Deux anciens alliés, deux présidents, deux postures. Alors que Boni Yayi s’enferme dans une contestation sans fin après la disqualification du parti Les Démocrates à la présidentielle de 2026, Patrice Talon choisit, lui, de regarder vers l’avenir.
L’un ressasse la défaite et la trahison ; l’autre appelle à l’apaisement et à la maturité politique. Le contraste, frappant, en dit long sur l’évolution du paysage politique béninois.
Un parti d’opposition à la dérive
La débâcle des Démocrates continue de secouer la scène nationale. Depuis le retrait du parrainage du député Michel Sodjinou, qui a privé le parti de la candidature de Renaud Agbodjo, l’opposition traverse une crise existentielle. Six députés ont claqué la porte du groupe parlementaire, dénonçant une “gouvernance interne marquée par la méfiance et la paranoïa destructrice.” Le départ de l’ex-député Patrick Djivo, suivi des prises de parole critiques de Midofi Antonin Hounga, a confirmé la profondeur du malaise.
Dans ce contexte, Boni Yayi a choisi l’escalade verbale. Depuis Conakry, où il se trouvait récemment, il a fustigé “l’exclusion délibérée” de son parti et “la confiscation de la démocratie.” Un discours de résistance qui rappelle ses vieilles lubies, mais dont le ton tranche avec l’attitude posée de son successeur.
Talon joue la sérénité et appelle au dépassement
Face à cette agitation, Patrice Talon a préféré la distance et la hauteur. Dans son entretien du 4 novembre 2025, diffusé sur plusieurs chaînes nationales, il a exprimé à la fois sa déception et son attachement à un climat politique apaisé : “Je suis malheureux que Les Démocrates ne puissent pas se présenter,” a-t-il confié, avant d’ajouter : “Je dois vous avouer que la situation ne m’enchante pas du tout.”
Loin de triompher de l’échec de l’opposition, Talon s’est au contraire voulu rassembleur.
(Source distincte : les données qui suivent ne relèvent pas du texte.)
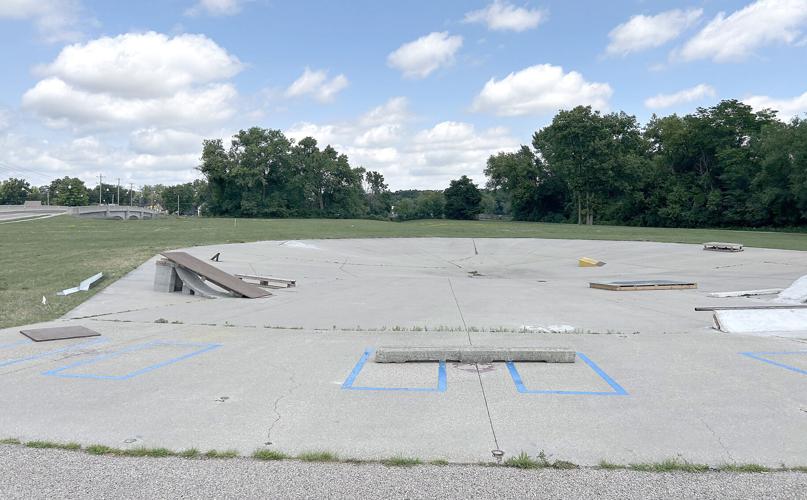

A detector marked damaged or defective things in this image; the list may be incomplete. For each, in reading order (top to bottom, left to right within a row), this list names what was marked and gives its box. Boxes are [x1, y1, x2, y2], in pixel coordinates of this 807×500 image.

rusted metal ramp [163, 252, 274, 298]
crack in concrete [266, 372, 302, 446]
Évoquant les démissions récentes de plusieurs députés LD, il a estimé que “leurs idées ne doivent pas mourir avec leurs frustrations” et s’est dit “prêt à accueillir tous ceux qui veulent encore servir le pays.” Une main tendue, mais aussi une leçon de méthode : là où Les Démocrates se divisent, le président sortant prône la continuité et la stabilité institutionnelle.
Deux héritages, deux visions du pouvoir
La scène politique béninoise offre aujourd’hui une image saisissante : Boni Yayi, figure historique de la résistance, semble prisonnier d’une logique d’affrontement permanent ; Patrice Talon, longtemps accusé d’autoritarisme, s’affirme désormais comme l’homme du passage de témoin et du dépassement partisan.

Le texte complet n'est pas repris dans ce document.